- [EXERCISE REQUIREMENTS] What is needed is an exact retyping of the records below, from the first line through the line that contains "Novo cemitério de".

- [EXERCISE INPUT]
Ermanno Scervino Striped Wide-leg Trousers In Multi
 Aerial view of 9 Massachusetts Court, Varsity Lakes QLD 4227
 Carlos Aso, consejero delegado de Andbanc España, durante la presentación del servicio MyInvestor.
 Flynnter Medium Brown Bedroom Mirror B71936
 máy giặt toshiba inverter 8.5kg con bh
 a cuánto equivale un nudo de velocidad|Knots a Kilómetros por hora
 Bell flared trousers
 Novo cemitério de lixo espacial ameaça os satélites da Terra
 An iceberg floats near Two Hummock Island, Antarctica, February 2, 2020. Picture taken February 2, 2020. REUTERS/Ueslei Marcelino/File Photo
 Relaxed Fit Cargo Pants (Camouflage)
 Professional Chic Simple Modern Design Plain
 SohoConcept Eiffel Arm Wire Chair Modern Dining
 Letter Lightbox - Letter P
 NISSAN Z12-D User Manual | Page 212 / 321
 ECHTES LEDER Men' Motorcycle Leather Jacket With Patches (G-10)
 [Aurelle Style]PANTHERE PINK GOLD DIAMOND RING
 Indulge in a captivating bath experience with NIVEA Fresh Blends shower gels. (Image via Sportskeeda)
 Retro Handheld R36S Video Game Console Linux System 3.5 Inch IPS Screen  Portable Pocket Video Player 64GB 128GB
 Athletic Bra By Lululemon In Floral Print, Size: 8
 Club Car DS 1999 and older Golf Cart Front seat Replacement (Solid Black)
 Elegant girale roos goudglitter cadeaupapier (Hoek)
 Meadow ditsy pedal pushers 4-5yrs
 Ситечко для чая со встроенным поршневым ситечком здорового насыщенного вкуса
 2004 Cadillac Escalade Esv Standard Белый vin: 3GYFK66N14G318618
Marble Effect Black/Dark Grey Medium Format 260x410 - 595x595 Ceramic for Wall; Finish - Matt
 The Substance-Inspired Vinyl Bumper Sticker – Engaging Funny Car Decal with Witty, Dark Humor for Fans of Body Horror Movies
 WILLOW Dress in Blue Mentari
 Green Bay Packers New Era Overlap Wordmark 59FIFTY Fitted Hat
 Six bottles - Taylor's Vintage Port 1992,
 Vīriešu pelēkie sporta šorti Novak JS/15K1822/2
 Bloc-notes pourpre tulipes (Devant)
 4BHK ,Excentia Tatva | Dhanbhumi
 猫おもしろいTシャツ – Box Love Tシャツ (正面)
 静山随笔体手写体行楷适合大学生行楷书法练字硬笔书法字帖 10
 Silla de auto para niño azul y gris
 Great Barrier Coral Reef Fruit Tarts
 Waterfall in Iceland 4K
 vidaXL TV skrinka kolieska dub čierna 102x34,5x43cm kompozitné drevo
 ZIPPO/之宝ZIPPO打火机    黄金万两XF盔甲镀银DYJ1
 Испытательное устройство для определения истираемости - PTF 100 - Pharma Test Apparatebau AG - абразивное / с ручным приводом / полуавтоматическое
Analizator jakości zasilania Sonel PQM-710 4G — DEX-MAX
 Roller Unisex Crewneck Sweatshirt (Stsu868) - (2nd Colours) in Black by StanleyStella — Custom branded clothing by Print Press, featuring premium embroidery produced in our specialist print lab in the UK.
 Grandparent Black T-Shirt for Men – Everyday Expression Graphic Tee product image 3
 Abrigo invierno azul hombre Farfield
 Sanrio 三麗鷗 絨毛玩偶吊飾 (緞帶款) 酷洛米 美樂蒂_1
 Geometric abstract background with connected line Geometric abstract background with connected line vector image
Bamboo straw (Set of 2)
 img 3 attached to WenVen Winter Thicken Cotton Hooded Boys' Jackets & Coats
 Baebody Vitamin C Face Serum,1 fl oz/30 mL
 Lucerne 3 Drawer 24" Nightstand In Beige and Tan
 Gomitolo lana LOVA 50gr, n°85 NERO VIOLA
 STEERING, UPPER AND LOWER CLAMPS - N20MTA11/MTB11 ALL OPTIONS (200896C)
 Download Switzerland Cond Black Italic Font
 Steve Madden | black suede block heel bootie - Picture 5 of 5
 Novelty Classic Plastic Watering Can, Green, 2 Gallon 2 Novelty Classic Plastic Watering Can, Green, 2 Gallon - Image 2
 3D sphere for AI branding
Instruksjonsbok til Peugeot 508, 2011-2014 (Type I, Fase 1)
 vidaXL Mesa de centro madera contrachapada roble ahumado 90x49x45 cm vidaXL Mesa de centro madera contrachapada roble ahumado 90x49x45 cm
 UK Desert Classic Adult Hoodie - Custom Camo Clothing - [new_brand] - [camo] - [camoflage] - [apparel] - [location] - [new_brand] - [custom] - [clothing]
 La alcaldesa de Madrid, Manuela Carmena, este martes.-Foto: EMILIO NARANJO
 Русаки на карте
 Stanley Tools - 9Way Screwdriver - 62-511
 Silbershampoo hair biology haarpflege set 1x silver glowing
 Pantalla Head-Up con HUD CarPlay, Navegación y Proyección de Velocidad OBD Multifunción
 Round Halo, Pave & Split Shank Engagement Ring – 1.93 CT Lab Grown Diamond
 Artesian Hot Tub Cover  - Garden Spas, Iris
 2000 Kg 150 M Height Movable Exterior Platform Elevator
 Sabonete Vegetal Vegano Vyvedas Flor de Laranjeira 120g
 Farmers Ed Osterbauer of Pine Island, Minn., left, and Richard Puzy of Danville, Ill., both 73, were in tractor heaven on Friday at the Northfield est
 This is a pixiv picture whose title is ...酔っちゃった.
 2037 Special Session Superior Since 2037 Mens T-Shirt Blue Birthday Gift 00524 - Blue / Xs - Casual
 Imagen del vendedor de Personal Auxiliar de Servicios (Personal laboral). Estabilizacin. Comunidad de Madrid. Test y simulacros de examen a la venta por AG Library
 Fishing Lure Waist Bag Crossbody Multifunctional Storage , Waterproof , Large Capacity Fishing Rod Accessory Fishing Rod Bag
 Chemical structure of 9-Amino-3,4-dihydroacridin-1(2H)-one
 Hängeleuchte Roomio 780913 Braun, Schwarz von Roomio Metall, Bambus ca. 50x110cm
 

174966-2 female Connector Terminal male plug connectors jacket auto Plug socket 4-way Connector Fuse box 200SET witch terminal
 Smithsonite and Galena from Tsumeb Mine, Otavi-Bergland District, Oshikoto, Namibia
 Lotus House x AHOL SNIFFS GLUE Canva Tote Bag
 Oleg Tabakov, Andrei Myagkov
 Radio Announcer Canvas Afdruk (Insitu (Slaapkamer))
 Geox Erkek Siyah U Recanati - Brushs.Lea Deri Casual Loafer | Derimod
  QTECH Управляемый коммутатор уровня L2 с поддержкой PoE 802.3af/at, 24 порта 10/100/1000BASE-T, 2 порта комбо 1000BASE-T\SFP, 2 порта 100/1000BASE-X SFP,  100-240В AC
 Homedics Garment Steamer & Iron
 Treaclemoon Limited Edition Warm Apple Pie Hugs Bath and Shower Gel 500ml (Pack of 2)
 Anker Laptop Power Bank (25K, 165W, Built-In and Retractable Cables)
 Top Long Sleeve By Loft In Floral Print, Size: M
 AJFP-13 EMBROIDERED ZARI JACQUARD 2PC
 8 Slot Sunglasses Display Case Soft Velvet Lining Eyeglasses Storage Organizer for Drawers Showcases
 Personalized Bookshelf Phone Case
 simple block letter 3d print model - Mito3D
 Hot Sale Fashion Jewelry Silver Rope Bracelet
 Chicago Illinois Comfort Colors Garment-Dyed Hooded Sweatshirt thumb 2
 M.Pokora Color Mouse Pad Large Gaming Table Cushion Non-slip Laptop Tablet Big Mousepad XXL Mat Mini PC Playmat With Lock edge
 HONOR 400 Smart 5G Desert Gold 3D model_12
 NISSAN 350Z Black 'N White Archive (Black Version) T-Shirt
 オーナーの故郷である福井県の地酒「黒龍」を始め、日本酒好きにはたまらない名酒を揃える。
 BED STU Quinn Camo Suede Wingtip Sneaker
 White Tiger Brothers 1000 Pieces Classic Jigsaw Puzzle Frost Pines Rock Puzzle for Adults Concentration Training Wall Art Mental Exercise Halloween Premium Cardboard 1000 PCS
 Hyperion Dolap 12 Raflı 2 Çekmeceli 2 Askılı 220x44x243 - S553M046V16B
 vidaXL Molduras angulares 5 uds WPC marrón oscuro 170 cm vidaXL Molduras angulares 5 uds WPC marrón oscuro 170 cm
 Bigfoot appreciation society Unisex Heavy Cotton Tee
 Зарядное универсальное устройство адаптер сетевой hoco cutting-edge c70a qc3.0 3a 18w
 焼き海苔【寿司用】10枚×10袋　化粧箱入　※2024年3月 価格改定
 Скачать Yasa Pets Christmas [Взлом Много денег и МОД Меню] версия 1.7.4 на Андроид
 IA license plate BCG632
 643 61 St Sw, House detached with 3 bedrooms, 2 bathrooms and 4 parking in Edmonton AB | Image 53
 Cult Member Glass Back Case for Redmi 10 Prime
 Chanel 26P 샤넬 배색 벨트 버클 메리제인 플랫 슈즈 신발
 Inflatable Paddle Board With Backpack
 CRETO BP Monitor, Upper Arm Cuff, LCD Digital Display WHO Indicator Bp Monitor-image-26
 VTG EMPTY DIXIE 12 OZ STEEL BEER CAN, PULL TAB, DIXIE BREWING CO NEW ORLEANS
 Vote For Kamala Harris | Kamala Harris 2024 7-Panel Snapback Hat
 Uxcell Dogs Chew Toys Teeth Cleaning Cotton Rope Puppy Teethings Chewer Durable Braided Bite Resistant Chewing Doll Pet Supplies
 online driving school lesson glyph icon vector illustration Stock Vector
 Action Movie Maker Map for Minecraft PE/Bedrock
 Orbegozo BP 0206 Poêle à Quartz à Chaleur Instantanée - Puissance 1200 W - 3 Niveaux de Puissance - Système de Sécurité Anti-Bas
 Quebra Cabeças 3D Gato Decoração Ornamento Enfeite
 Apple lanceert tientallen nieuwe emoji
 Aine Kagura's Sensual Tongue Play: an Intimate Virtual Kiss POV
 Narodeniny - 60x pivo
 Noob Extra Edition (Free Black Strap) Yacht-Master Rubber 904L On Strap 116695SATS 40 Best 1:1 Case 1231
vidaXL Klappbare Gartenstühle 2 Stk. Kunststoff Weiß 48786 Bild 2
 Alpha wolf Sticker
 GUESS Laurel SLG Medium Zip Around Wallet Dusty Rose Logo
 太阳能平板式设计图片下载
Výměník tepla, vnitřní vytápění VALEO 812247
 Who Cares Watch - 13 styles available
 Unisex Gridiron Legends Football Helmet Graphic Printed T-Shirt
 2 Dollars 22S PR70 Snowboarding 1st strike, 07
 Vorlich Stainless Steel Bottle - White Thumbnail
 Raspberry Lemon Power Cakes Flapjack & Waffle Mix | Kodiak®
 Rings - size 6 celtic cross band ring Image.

- [WRITTEN SOLUTION]
Ermanno Scervino Striped Wide-leg Trousers In Multi
 Aerial view of 9 Massachusetts Court, Varsity Lakes QLD 4227
 Carlos Aso, consejero delegado de Andbanc España, durante la presentación del servicio MyInvestor.
 Flynnter Medium Brown Bedroom Mirror B71936
 máy giặt toshiba inverter 8.5kg con bh
 a cuánto equivale un nudo de velocidad|Knots a Kilómetros por hora
 Bell flared trousers
 Novo cemitério de lixo espacial ameaça os satélites da Terra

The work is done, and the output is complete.